Respondent UBS generally denied the allegations and asserted various affirmative defenses. The FINRA Arbitration Panel found Respondent UBS liable and ordered the firm to pay to Claimant Pent $200,000 in compensatory damages plus $600 in reimbursed FINRA filing fees. Further, the Panel recommended the expungement of the "Termination Comment" in Section 3 of the Form U5 (with other conforming revisions), and proposed this revision:

Employee was discharged after firm review determined that he failed to adequately supervise employees in association with the risks of an uncovered options strategy in an employee account and in an employee-related account. 

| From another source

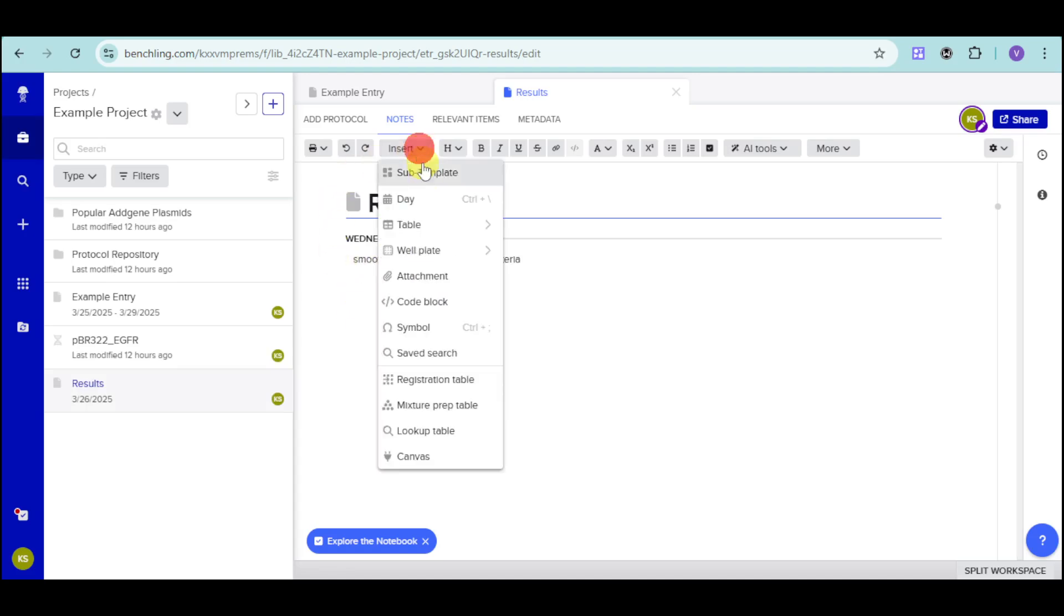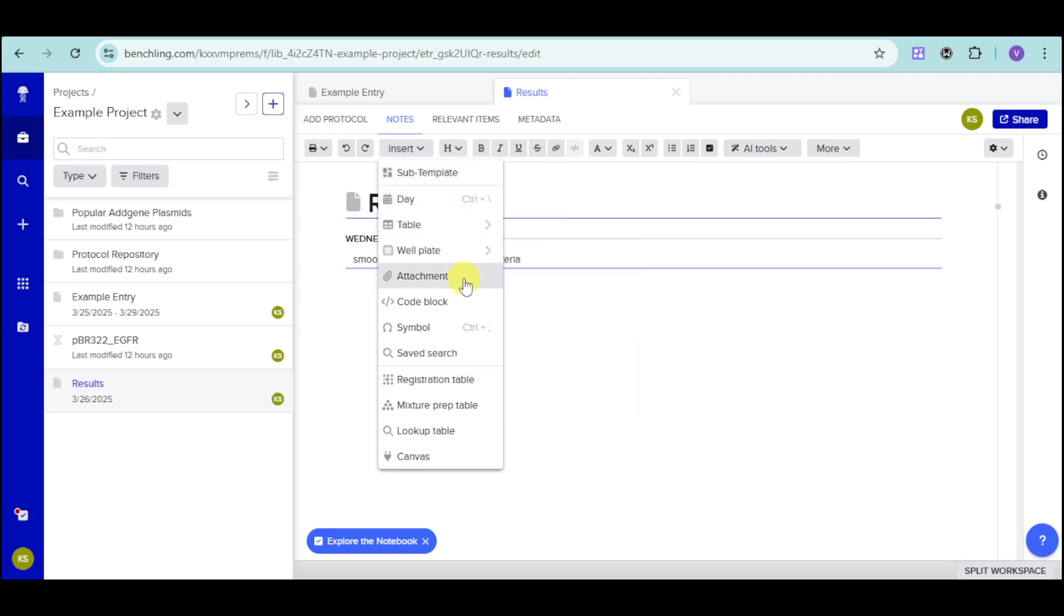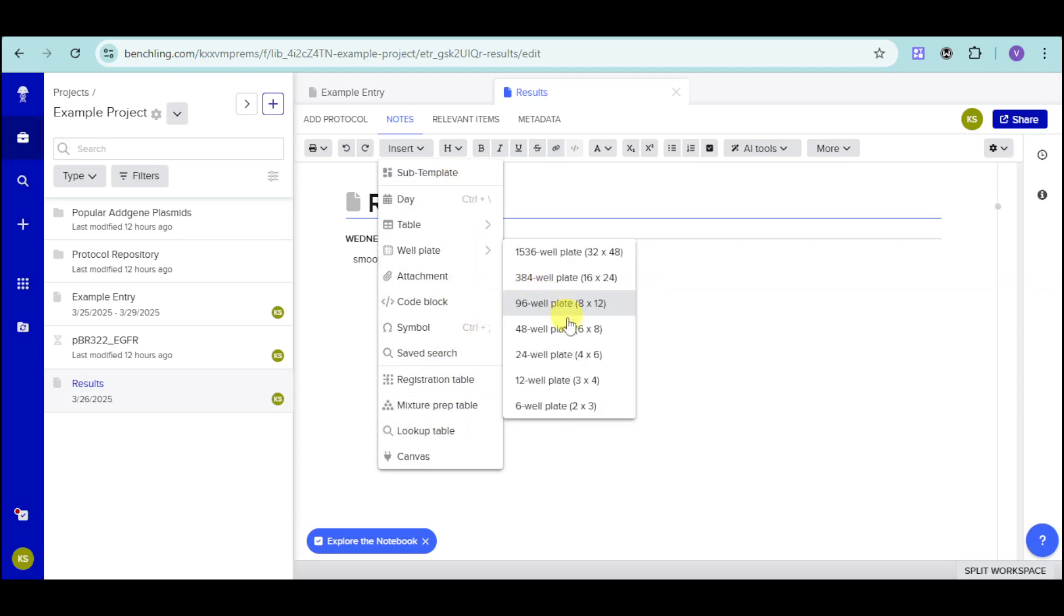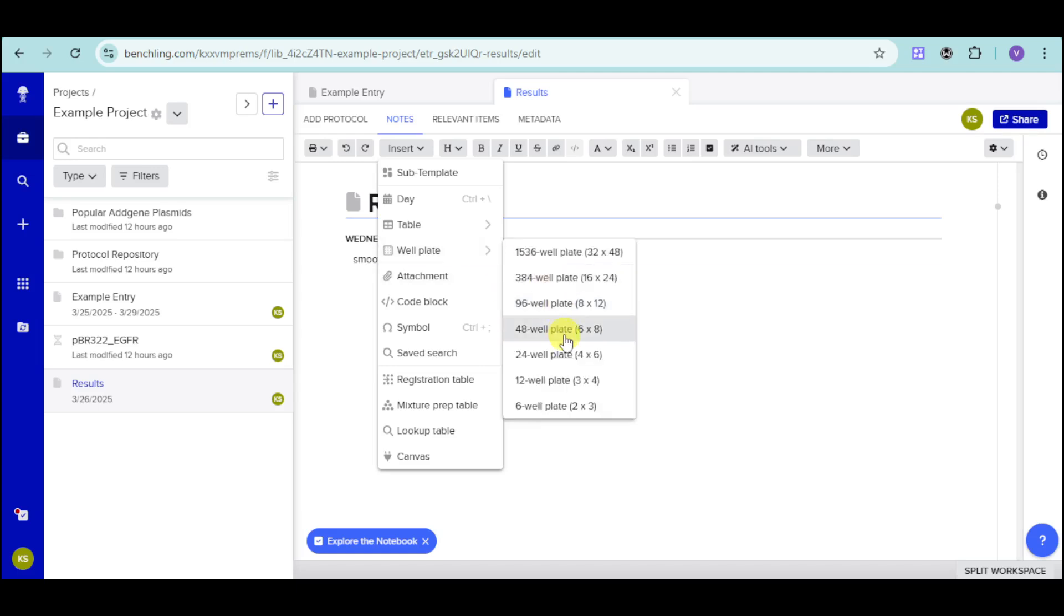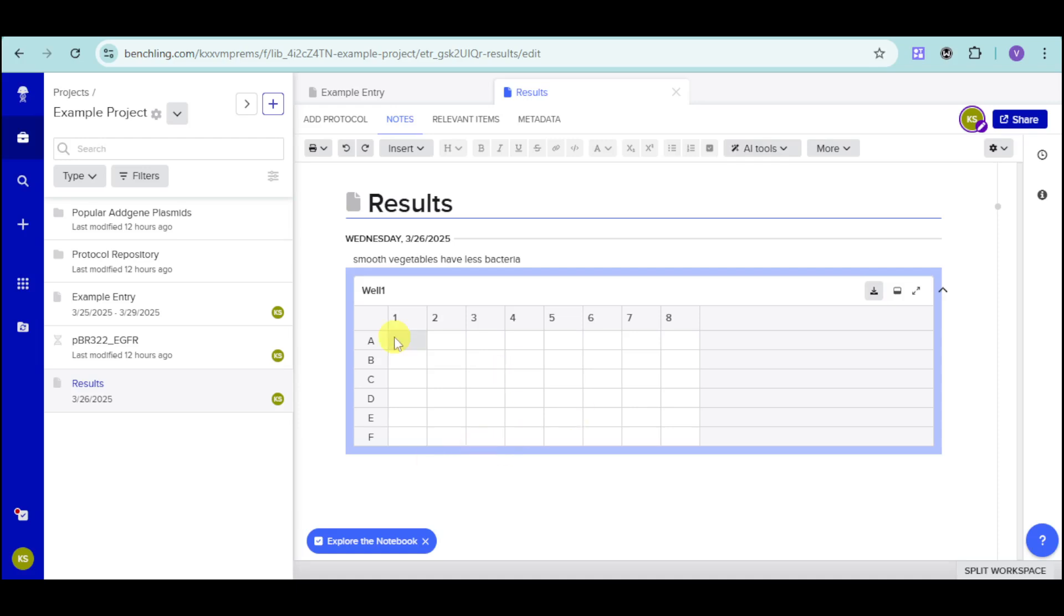You can edit it however you want. You can insert in here some subtemplates, tables, days, wall plate, attachment, code blocks, and the likes. Let's see in here a wall plate. For example, let's choose in here this one. And in here, you can see this. It's like a Google Sheet of a particular template. You can input in here data based on that.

Order Determining Whistleblower Award Claims (Release No. 34-87663; File No. 2020-3)
https://www.sec.gov/rules/other/2019/34-87663.pdf
The Claims Review Staff ("CRS") issued a Preliminary Determination recommending the denial of the whistleblower award applications. Claimants filed timely responses contesting the preliminary denials. Upon consideration, the SEC denied all claims of the five enumerated Claimants. The SEC Order alleges in part that [Ed: footnotes omitted]:

The CRS issued a Preliminary Determination recommending that the Commission deny each of the Claimants' award applications because none of the information provided by any of the Claimants led to the successful enforcement of the Covered Action. The record supporting that Preliminary Determination included the declarations of one of the primary Enforcement staff attorneys responsible for the Second Track and Covered Action, which stated under penalty of perjury that the Claimants' tips to the Commission were not used in the investigation, including the Second Track, or enforcement of the Covered Action. 

The CRS also preliminarily denied Claimant 1's claim on the additional independent grounds that Claimant 1 's award application was untimely and that any information Claimant 1 provided to the Commission for the first time before July 21, 2010 was not "original information." The CRS also preliminarily denied Claimant 8's claim on the additional independent ground that Claimant 8 failed to qualify as a whistleblower by not submitting Claimant 8's tips to the Commission on Form TCR. 

Order Determining Whistleblower Award Claims (Release No. 34-87662; File No. 2020-2)
https://www.sec.gov/rules/other/2019/34-87662.pdf
The Claims Review Staff ("CRS") issued a Preliminary Determination recommending the denial of the whistleblower award applications. Claimants filed timely responses contesting the preliminary denials. Upon consideration, the SEC denied all claims of the six enumerated Claimants. The SEC Order alleges in part that [Ed: footnotes omitted]:

The CRS issued a Preliminary Determination recommending that the Commission deny each of the Claimants' award applications because none of the information provided by any of the Claimants led to the successful enforcement of the Covered Action. The record supporting that Preliminary Determination included the declarations of the primary Enforcement staff attorneys responsible for the First Track and Covered Action, which stated under penalty of perjury that the Claimants' tips to the Commission were not used in the investigation, including the First Track, or enforcement of the Covered Action. 

The CRS also preliminarily denied Claimant 1's claim on the additional independent grounds that Claimant 1 's award application was untimely and that any information Claimant 1 provided to the Commission for the first time before July 21, 2010 was not "original information." The CRS also preliminarily denied Claimant 8's claim on the additional independent ground that Claimant 8 failed to qualify as a whistleblower by not submitting Claimant 8's tips to the Commission on Form TCR.